Speaker
Description
The electron-hole bound states (excitons) in the semiconductor quantum wells (QW) are remarkable examples of Coulomb systems, in which the external potential of the heterostructure plays a role of the third particle, thus making such a system to be a three-body one. The exciton states and the exciton-light coupling in heterostructures with QWs have been experimentally and theoretically studied for several decades [1,2,3]. The quality of heterostructures is continuously growing and experimental samples with excellent properties have recently become available in many laboratories. Measurements of the reflectance spectra of the high-quality heterostructures show that the accurate data on the exciton energies and radiative as well as nonradiative broadenings can be easily obtained [4,5]. In this context, the high quality of samples requires the improved precision of theoretical modeling of the exciton states and resonances. Therefore, such problems gradually draw attention of the few-body community [6,7].
In this report, we present the results of an accurate modeling of the exciton states as well as the corresponding radiative decay rates.
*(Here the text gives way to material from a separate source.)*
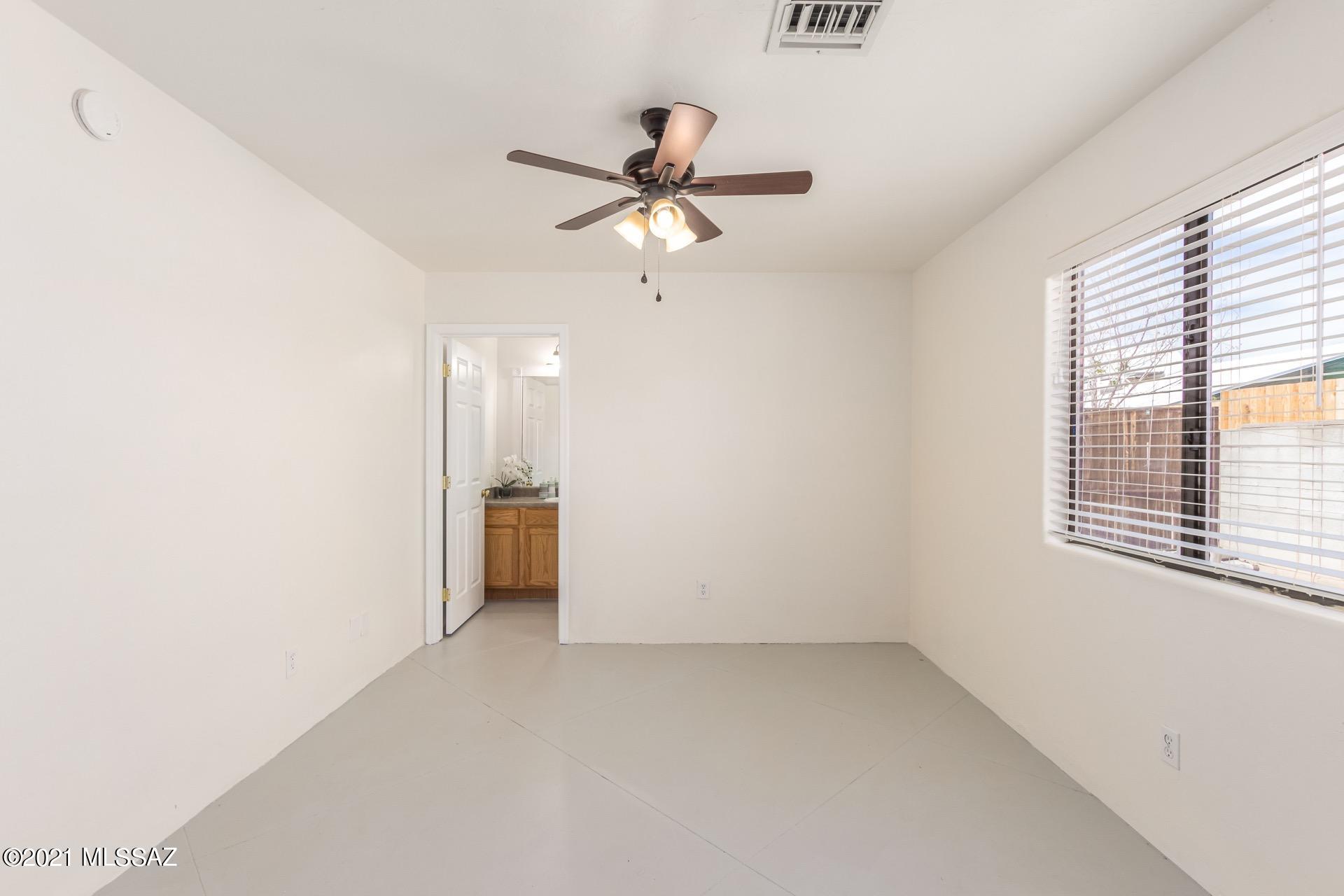 Pueblo Norte (1-21) - Residential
The energies of the ground and excited states of excitons in GaAs-based finite square QWs of various widths and alloy compositions are calculated. This type of QWs is widely experimentally and theoretically studied now as a model heterostructure. Determination of the exciton states is achieved by studying the three-dimensional Schroedinger equation for the exciton in a QW and analysing the spectrum of the Schroedinger operator. The eigenvalue problem is solved numerically using the finite-difference discretization scheme [5] and properly taking into account the discontinuities of the material parameters at the interfaces of the QW [8]. We show that the numerical method is asymptotically exact, thus it allows us to obtain accurate exciton states for a wide range of QW widths and potential profiles [9]. The calculated bound states of electron-hole pairs in GaAs/AlGaAs and InGaAs/GaAs QWs are classified according to their quantum-confinement and Coulomb nature [10]. The accurate radiative decay rates for the calculated s-like exciton states are obtained for QW widths up to 100 nm. Calculated data are confronted with the experimental reflectance spectra measured for high-quality InGaAs/GaAs heterostructures with QWs. The calculated values are in good agreement with the experimental data.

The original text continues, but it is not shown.